In my current local development environment for work I don’t have access to our authentication mechanism. Our rails site uses a cookie from our main site. In order to ignore this I commonly edit my controllers with a line like:
self.current_user = User.find(5)
(This is just a snippet and doesn’t include the code that allows for the current_user method, this post is NOT about authentication in rails). This allows me to just work on features without having to do some complicated cookie copying and other stuff I’d rather not mess with.

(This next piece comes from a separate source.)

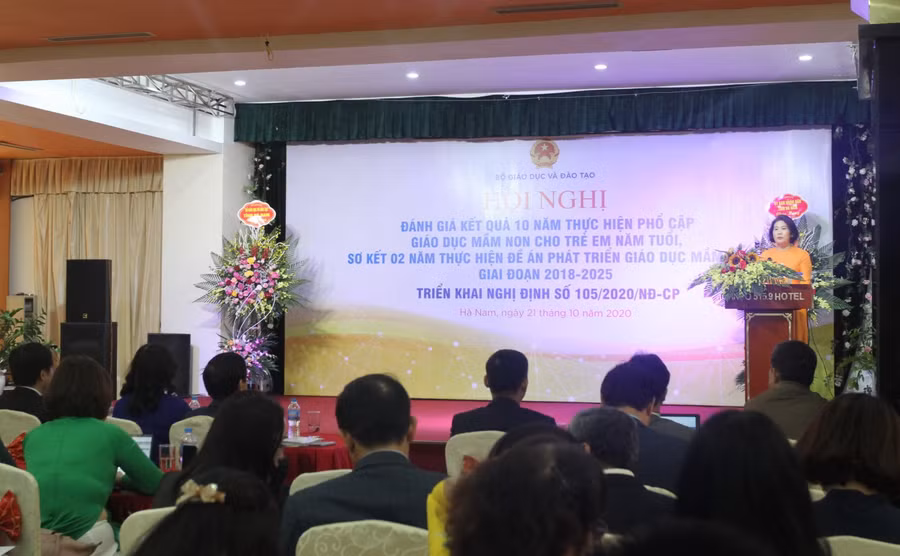 Quang cảnh Hội nghị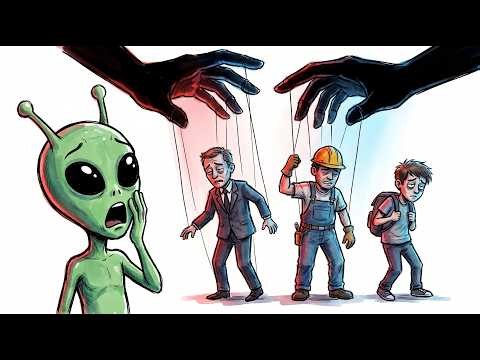 An Alien Has Been Watching You Play a Game You Don't Understand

I use magit on emacs to do my git management and I hate seeing that this controller has a change in it (same with using “git-status”). I don’t want to accidentally commit this change either. The simple answer to this is to tell git to mark this file as “not changed”. I found this post that told me about this feature. This feature exists in order to help people with slow filesystems but it works great for this use as well:
git update-index --assume-unchanged path/to/file
Now the files don’t show up in any status commands or when I commit with “git commit -a”. These files will cause git to gracefully error when merging in a branch that changes these files (so you can manually handle it) and it will remove this flag if you manually “git add” these individual files.
The problem I ran into is that I want an easy way to check what files are setup like this. I couldn’t find a git command to do this already so I added these aliases:
[alias]
marked-unchanged = !git ls-files -v | grep ^[a-z]
mu = !git ls-files -v | grep ^[a-z]
Now both “git marked-unchanged” and “git mu” show me a list of files that are set this way so I don’t forget. I want to add magit commands to show this and set this as well but that will be another day and another post.